Python is not a DSL

Sunday, April 16th, 2023

How many times have you seen someone use a hammer to pound screws because they are a hammer expert, they are comfortable with hammers, they don’t know how to use a screwdriver, and they don’t want to take a week to learn how to use a screwdriver? Maybe not so much if you’re a carpenter, but if you’re a software developer it happens all the time.

I’ve noticed a common anti-pattern of defining declarative DSLs in Turing complete languages — specifically Python — to avoid the overhead of learning new syntax and tools, XML or JSON. Instead programmers define the DSL as a Python library and reuse the Python compiler with predictable results. Blaze/Bazel, Airflow, dataswarm, and many other projects have gone down this road. Gradle made the same mistake, only with Ruby instead of Python.

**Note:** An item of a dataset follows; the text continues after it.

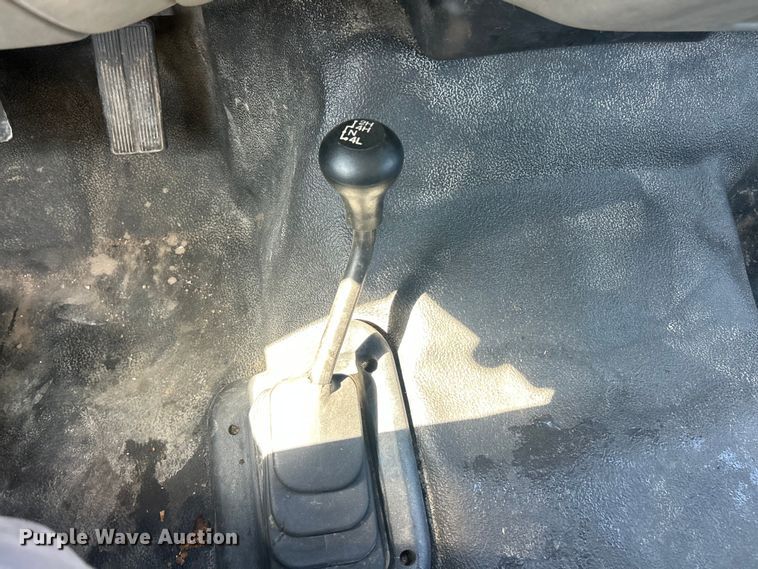 image for item FC5457 2003 Ford F250 Super Duty Ext. Cab pickup truck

This is massive tech debt that causes massive problems (security, indeterminancy, irreproducibility) and has heavy cost. Never do this. It always leads to a huge expensive effort to redefine the language as its own thing (not Python) that still looks like Python, and the team ends up writing a complete parser in addition to everything else. XML is not that hard. Nut up and learn it.

Do not write declarative configs in a Turing complete language.
Do not invent Python subsets for config files. <cough>Starlark</cough>